DATASET EXTRACT >>
::::::::

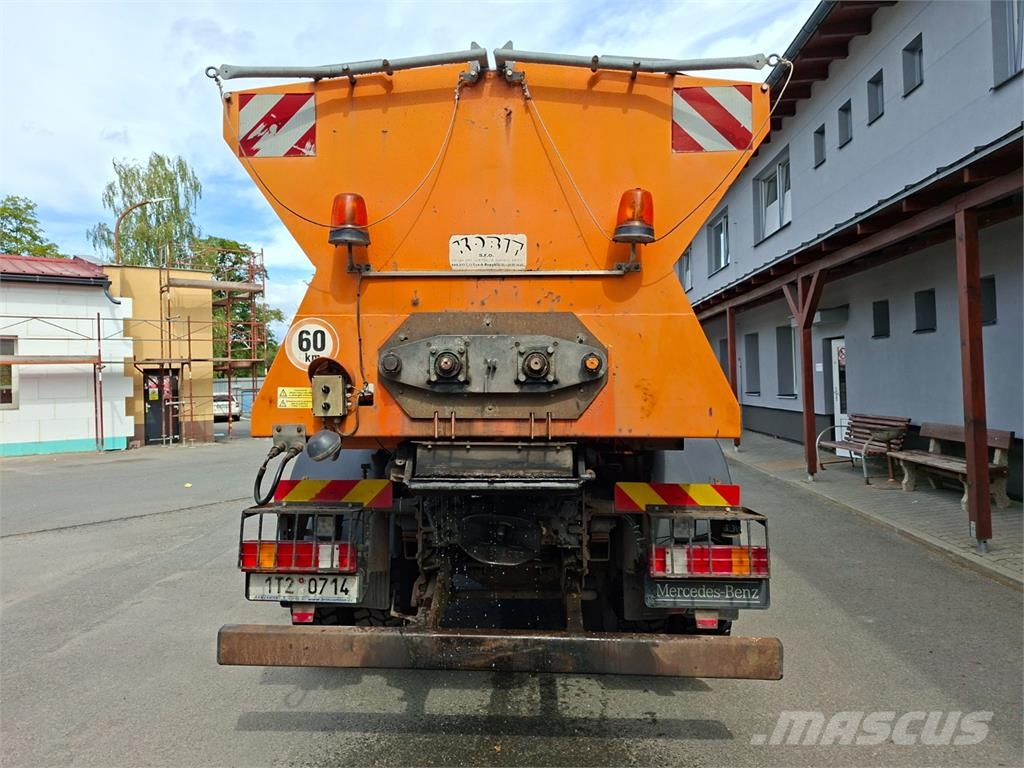Mercedes-Benz 1823 4X4 شاحنات بمقصورة وهيكل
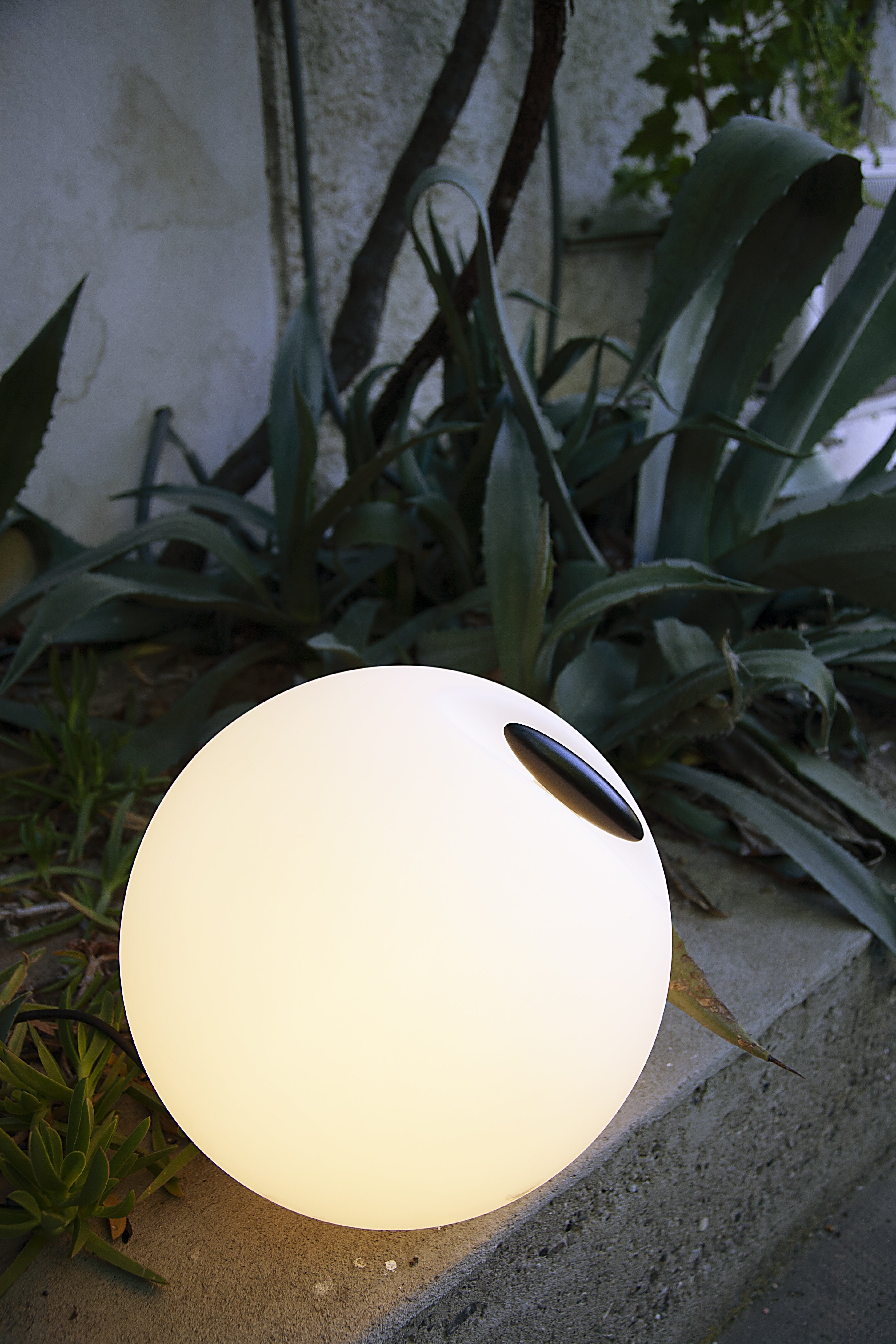 Lampa podłogowa zewnętrzna BOWL biały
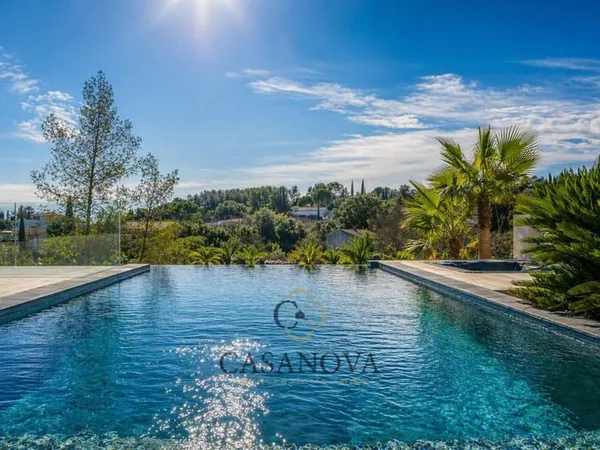 Maison 9 pièces 250 m²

::::::::

Reproduce the material above exactly but drop all images.

OUTPUT >>
Mercedes-Benz 1823 4X4 شاحنات بمقصورة وهيكل
 Lampa podłogowa zewnętrzna BOWL biały
 Maison 9 pièces 250 m²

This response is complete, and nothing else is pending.